My original date/time column has no TZ info, but I calculate another column in EST, before the concatenation and localize it to EST, with time with TZ information:
`data['EST_DateTimeStamp']=pd.DatetimeIndex(pd.to_datetime(data['myDate'])).tz_localize('US/Eastern').tz_convert('US/Eastern')`
Doing some research here, I understand that 2 to 3am on the 12th should be having such error, but why midnight to 1am. So am I localizing it incorrectly? and then why is the error on the append line, and not the localization line?

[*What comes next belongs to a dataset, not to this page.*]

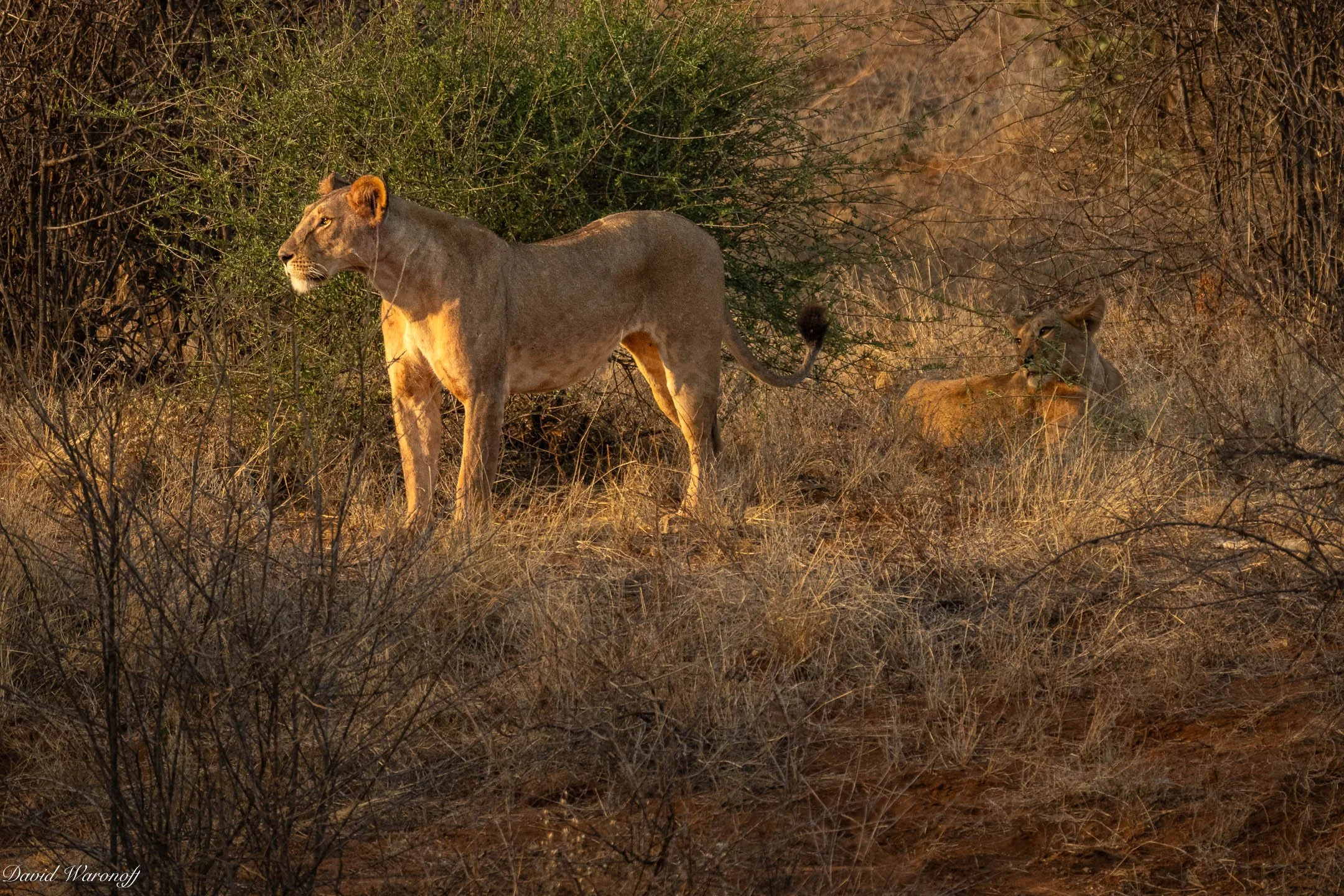 Samburu-91080.jpg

I was able to reproduce this behavior in a very simple MCVE, saved here: https://codeshare.io/GLjrLe
It absolutely boggles my mind that the error is raised on the third append, and only if the next 3 appends follow. In others words, if I comment out the last 3 copies of appends, it works fine.. can't imagine what is happening.
Thank you for reading.
In case someone else may still find this helpful:
Talking about it with @hashcode55, the solution was to upgrade Pandas on my server, as this was likely a bug in my previous version of that module.